Zahllose Menschen solidarisierten sich mit dem "Problembär" Bruno - aber es half nichts. Und so stehen seine sterblichen Überreste heute ausgestopft im Museum Mensch und Natur in München. Autor: Herbert Becker
Früher trugen Haustiere eher einfältige Namen: der Schäferhund wurde Rex und die Katze Muschi gerufen, das Kaninchen hieß Hoppel. Hühner hielt man gar nicht für der Mühe wert, sie persönlich anzusprechen; bestenfalls trugen sie den Sammelnamen Berta. Das hat sich mit der Rolle, die diese Tiere in unserem Leben spielen, geändert. Während Huhn, Hund und Katz früher konkrete Aufgaben zu erfüllen hatten und Hoppel irgendwann in der Bratröhre landete, gelten sie heute allesamt als Familienangehörige. Man hat - zumal in besseren Kreisen - schon von Hunden namens Mortimer gehört, ferner von Katzen, die Kleopatra heißen und dementsprechend verehrt werden.

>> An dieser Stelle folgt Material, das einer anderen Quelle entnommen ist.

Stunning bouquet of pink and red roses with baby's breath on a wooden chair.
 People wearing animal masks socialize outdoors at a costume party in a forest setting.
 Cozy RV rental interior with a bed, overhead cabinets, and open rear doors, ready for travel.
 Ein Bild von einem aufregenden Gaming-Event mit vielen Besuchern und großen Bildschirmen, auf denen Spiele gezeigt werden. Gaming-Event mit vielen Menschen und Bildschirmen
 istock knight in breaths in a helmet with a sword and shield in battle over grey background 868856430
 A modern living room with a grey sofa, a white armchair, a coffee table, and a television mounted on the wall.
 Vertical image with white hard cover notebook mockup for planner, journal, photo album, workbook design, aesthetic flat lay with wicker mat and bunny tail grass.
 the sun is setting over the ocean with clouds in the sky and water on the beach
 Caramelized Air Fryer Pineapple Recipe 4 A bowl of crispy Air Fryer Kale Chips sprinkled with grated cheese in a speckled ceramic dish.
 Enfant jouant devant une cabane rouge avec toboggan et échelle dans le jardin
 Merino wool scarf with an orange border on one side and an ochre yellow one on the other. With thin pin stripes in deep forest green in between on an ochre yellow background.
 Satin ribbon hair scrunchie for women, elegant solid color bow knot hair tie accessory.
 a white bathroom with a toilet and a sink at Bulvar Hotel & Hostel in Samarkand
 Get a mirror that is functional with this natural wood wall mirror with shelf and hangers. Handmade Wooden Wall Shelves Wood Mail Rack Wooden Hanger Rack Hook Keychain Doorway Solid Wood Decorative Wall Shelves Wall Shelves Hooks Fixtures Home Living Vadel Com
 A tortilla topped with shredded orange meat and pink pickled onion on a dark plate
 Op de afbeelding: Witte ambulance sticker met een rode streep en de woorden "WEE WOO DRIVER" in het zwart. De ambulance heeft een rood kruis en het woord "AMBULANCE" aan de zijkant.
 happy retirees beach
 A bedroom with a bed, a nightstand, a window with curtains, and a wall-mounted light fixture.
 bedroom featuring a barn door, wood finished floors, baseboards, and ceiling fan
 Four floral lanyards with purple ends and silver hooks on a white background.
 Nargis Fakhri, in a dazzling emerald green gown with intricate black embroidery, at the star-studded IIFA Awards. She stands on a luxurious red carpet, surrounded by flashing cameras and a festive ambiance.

Meister Petz und das Wildtiermanagement
Bei den wild lebenden Tieren war die Ausgangssituation eine andere, die Entwicklung ist dennoch vergleichbar. In alter Zeit sprach man vom Wolf als Meister Isegrim, vom Bären als Meister Petz und sogar der Hase durfte den Titel Meister Lampe tragen. Wolf und Bär waren Feinde des Menschen, das schon, trotzdem begegnete er ihnen, wie man heute sagen würde: auf Augenhöhe. Respekt und Hochachtung vor ihnen kamen - naturgemäß - mit ihrer Ausrottung abhanden, und jetzt, wo sie vereinzelt zurückkehren, weiß man nicht so recht, wie man mit ihnen verfahren soll. Um das Zusammenleben mit ihnen so konfliktfrei wie möglich zu gestalten, wurde das so genannte Wildtiermanagement erfunden.
In dessen Rahmen fallen insbesondere der Steuerungs- und Arbeitsgruppe
"Große Beutegreifer" wichtige Aufgaben zu. Die Gruppe wurde 2006 gegründet - im Dezember, und somit zu spät, als dass der Braunbär Bruno die Früchte ihres Wirkens noch hätte genießen können. Bruno war ein halbes Jahr zuvor, am
26. Juni erlegt, um nicht zu sagen: gemeuchelt worden. Als erster Braunbär seit 170 Jahren hatte er seine Tatzen auf bayerisches Territorium gesetzt; er war in Hühnerställe eingedrungen, hatte Bienenstöcke aufgebrochen, ferner Schafe und Ziegen gerissen. Daraufhin hatte ihn die Bürokratie in rascher Folge von der Kategorie Normalbär in die Kategorien Schadbär, Problembär und Risikobär umgestuft und schließlich zum Abschuss freigegeben.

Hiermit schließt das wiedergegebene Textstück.